Ces externalités, c’est ce qu’on appelle les coûts cachés : il peut par exemple s’agir de l’exploitation des ressources naturelles (diminution des ressources en eaux, appauvrissement des terres), d’impacts environnementaux (émissions d’azote et de gaz à effet de serre, perte de biodiversité, pollution des eaux et des sols…), d’impacts sur la santé (maladies non-transmissibles liées aux comportements alimentaires) ou encore d’impacts sociaux (pauvreté, sous-alimentation, malnutrition et, comme mentionné ci-dessus, la fragilisation économique du monde agricole). Selon la FAO, ces coûts se chiffreraient à plus de 12.000 milliards de dollars par an soit plus de 10% du PIB mondial.

Si le consommateur devait payer le coût de ces externalités négatives, il faudrait en moyenne doubler voire tripler l’addition !

Damien Conaré, de l’Institut Agro-Montpellier (Chaire UNESCO Alimentations du monde) a débuté la 2e partie de l’événement en présentant les coûts cachés : de quoi s’agit-il ? En quoi concernent-ils la restauration collective et quelles solutions peuvent émerger ?
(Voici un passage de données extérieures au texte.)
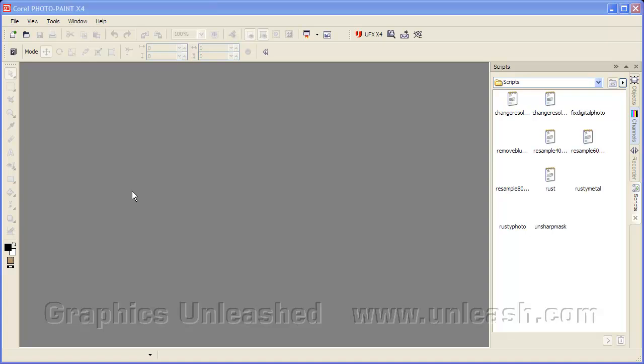Let's learn how we can use a seamless texture within Corel Photo Paint. The first thing I need to do is create a new file.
Comme vous pourrez le découvrir en vidéo, selon lui, le rapport de la FAO est le reflet du caractère crucial de ce sujet : il souligne la « non durabilité » de nos systèmes alimentaires. Ces conclusions sont édifiantes : 12 700 Milliards de dollars de coûts cachés. Ce rapport s’intéresse au coût véritable de notre alimentation, non seulement au niveau économique, mais également au niveau de la santé et de l’environnement. Les rapports parus dernièrement sont unanimes : la transition écologique est une question centrale pour éviter ces coûts cachés. Les cantines ont un rôle important à jouer. D’ailleurs, en France, la loi EGAlim a été mise en œuvre pour inciter les collectivités à ce que 50% de leurs produits soient durables d’ici 2022. Une étude a démontré que cette mise en œuvre se traduisait par une augmentation de 4% des coûts comptables. Néanmoins, des leviers comme l’instauration d’un repas végétarien par semaine ou la lutte contre le gaspillage alimentaire aident à compenser ce coût et donc, à faire des économies. Damien Conaré donne un exemple assez parlant à ce sujet : une cantine à Montpellier a commencé à servir du pain bio. Il était plus coûteux sur le papier, mais cela avait été doublement compensé par la lutte contre le gaspillage. L’enjeu est donc de trouver un juste prix qui soit rémunérateur pour les producteurs, tout en restant accessibles. Cela suppose des choix politiques forts.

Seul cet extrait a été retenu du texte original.